Gemma Tetlow: Obviously, if you were to radically change the tax system in Scotland in response to independence-for example, cutting the rate of corporation tax-that could reduce overall corporate tax revenues, unless it generates a sufficient behavioural response with companies moving into Scotland. Changes to economic policy could also possibly affect productivity growth in Scotland. We looked at a couple of different scenarios in our work for average productivity growth in Scotland.

Q3978 Chair: Could I come back on a couple of points to seek clarification? I was slightly confused by your reference to 2012. You were saying that the Scottish Government had based their account on the financial year 2011-12, but you then went on to mention how figures had fallen in 2012 and in 2013 because of a breakdown on a rig, and so on and so forth. Do I take it that that part of 2012 was the part of 2012 that was not part of the financial year 2011-12?

Gemma Tetlow: Yes; that is correct. The numbers that the Scottish Government have used, which they formalised in their latest Government expenditure and revenue in Scotland publication, were for the 2011-12 financial year. In the 2012-13 financial year, revenues from oil and gas declined substantially. That is a year that has not yet gone into a formal GERS publication, but that will come out next year. An assessment of that picture was included in our report.

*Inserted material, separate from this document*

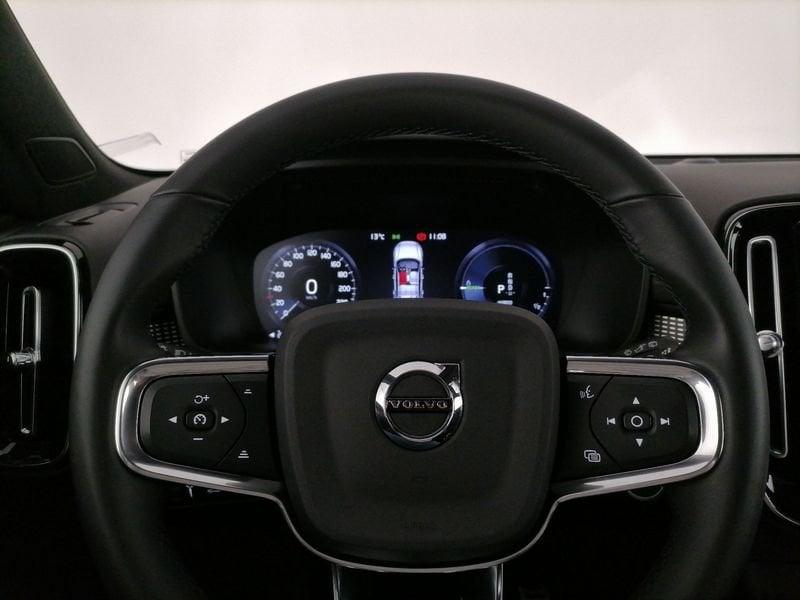 Volvo XC40 1.5 t4 phev R-design auto my21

Q3979 Chair: How professionally reasonable, if that is the right term, is it to take a single year in these circumstances? Unless I am mistaken, you are telling us that 2011-2012 was a particularly good year for oil revenues. In professional statistical terms, is a reasonable way to proceed to take the year that suits you best, or is it better to take several? What would be the norm in these circumstances? Would you normally take an average of five or an average of 10? Is there something that would be accepted in the profession as good practice?

Gemma Tetlow: The key question here is what you are using the number for. If you are using the number to try and illustrate how the public finance position of Scotland compares with that for the UK as a whole, using 2011-12 on its own presents a slightly misleading picture, because it was an unusually bumper year for oil and gas revenues. Drawing the conclusion that the higher level of spending in Scotland was more than matched by higher revenues in that year hides the fact that it would not be true were you to use the data from one year later.

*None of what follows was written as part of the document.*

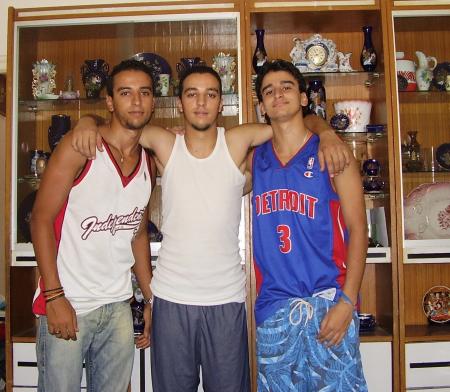 Yo , y Mis Hermanos Jawad y hicham !!!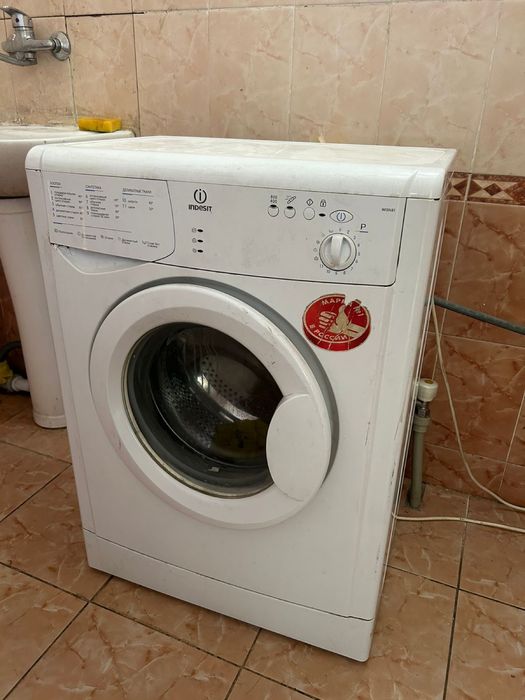Стиральная машина indesit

The reason why that year has been used is that it is the last year for which comprehensive data are available. Obviously the 2012-13 data will be available, in probably March of next year. I would hope that they will get incorporated into the public debate as well, to take into account the fact that they highlight the volatility of that revenue stream.

Q3980 Chair: It strikes me that you are a very generous person. You are suggesting that they chose the 2011-12 year not because it was the year that suited their case best, but because it happened to be the most recent year, even though to take that year in isolation was effectively to distort the pattern.

Paul Johnson: I do not think it would be right for us to speculate why they chose it. It is the most recent year and it is the year they chose. In their White Paper they are also using their predictions, which are relatively optimistic, for 2016-17. They are not just using that 2011-12 number, but the relatively optimistic numbers they are using are based on projections. We will see. In a sense, the answer to your question will come in March, when the most recent year changes, and it will look less positive from that point of view.

Q3981 Chair: But am I right in thinking that the OBR produced more recent figures, which are not the full-year figures, which indicate that oil income is falling?

Paul Johnson: Yes.

Gemma Tetlow: We know the concrete outturn for oil and gas revenues in 2012-13. That is a published national statistic; a piece of data. The bit of the exercise that has not been done is the full exercise of allocating revenue streams and spending items across Scotland versus what happened in the rest of the UK. That is what will be done in the GERS publication. However, already at this stage, given that you know that most of those oil revenues accrued to Scotland, the picture that is going to come out is fairly obvious. The revenues per head from offshore receipts will be substantially lower in 2012-13, once that exercise has been done.

Q3982 Chair: If you were constructing the Scottish Government’s predictions in April, based on what by then would be the latest figure, would it be fair to say that they would give you a completely different version of the financial viability of a separate Scotland from the figures that the Scottish Government have actually produced?

Gemma Tetlow: I am not sure they would give you a different version of future viability, in the sense that I think you would already want to incorporate the importance, the volatility and the uncertainty about the oil and gas receipts into that picture. To the extent that the Scottish Government have presented the past as an indication of the viability of the future, yes, using a different year of data is going to change that presentation.

Paul Johnson: Presumably it will not change anything in their White Paper numbers for 2016-17.

Gemma Tetlow: I think there is a serious question. We have an independent body that forecasts the UK’s public finances that clearly is taking a very different view at the moment from what the Scottish Government are suggesting will be the picture in 2016-17. There is a very interesting question, to get those two organisations to explain why they take quite such a different view, and why the Scottish Government believe that their number is better than what is currently being projected by the OBR for the UK.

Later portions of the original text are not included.